Entre 1990 e 2022, a produção anual de metano por cabeça de bovinos de corte caiu cerca de 8% no país, segundo o inventário nacional. Mas, como a taxa de crescimento do rebanho foi maior do que o ganho de produtividade, as emissões totais geradas pela fermentação entérica continuam em alta.

O peso do desmatamento

O cálculo das emissões referentes a uso da terra, mudanças do uso da terra e florestas é diferente do que é feito nos demais setores. A liberação de GEE ocorre quando uma categoria de uso da terra que estoca mais carbono, como as florestas nativas, é convertida em outra que retém menos, como campos, pastagens e áreas agrícolas.

Em outras palavras, a emissão deriva do desmatamento. Essa é a “atividade econômica” registrada pelo setor de LULUCF. A emissão calculada é a diferença entre a quantidade de carbono que estava armazenada no trecho de mata nativa e a que passou a ser estocada no novo fim dado àquela mesma área, após a derrubada da vegetação original.

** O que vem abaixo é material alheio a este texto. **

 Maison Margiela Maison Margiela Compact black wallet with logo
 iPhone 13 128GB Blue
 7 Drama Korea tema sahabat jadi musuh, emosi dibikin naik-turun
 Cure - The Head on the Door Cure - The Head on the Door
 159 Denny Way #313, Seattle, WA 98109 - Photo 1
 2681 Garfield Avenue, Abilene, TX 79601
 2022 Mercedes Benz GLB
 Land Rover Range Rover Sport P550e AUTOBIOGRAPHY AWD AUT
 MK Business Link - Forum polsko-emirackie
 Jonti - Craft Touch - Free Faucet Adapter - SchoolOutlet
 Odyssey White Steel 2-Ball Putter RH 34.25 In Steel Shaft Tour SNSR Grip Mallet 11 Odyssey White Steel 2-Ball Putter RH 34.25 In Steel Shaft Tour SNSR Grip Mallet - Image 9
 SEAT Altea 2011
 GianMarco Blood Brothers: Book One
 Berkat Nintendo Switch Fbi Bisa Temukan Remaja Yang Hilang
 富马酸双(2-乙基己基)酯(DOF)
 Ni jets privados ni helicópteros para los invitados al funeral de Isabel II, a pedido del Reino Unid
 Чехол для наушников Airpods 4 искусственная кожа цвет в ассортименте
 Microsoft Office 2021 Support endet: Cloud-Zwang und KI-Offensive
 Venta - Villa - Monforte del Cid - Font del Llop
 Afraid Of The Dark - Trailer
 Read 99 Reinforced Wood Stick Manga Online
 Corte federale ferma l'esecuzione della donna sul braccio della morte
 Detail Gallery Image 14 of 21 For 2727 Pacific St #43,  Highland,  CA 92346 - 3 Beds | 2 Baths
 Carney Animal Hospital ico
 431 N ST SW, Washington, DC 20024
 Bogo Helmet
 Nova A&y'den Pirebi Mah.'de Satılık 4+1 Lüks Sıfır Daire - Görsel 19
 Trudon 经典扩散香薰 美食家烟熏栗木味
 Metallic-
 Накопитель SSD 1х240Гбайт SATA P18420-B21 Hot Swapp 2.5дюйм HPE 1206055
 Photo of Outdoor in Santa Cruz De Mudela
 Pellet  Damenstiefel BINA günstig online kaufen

Esses valores são muito diferentes, especialmente quando envolvem o bioma Amazônia, cuja floresta estoca mais carbono na biomassa das plantas do que a vegetação dos outros ecossistemas. Tanto o Seeg quanto o inventário nacional trabalham com fatores de emissão específicos (do tier 2) para diferentes fisionomias vegetais da Amazônia. Há 44 fisionomias vegetais no bioma, que engloba metade do território nacional. A mais comum pertence ao grupo das florestas ombrófilas densas, que cobrem cerca de metade da Amazônia.

A quantidade de carbono armazenada em 1 hectare desse tipo de mata varia entre 130 t e 201 t. “Um hectare de pasto estoca em média cerca de 10 t, 1 de soja, 6 t”, afirma a ecóloga Bárbara Zimbres, do Instituto de Pesquisas Ambientais da Amazônia (Ipam), que coordena o monitoramento do setor de LULUCF no Seeg.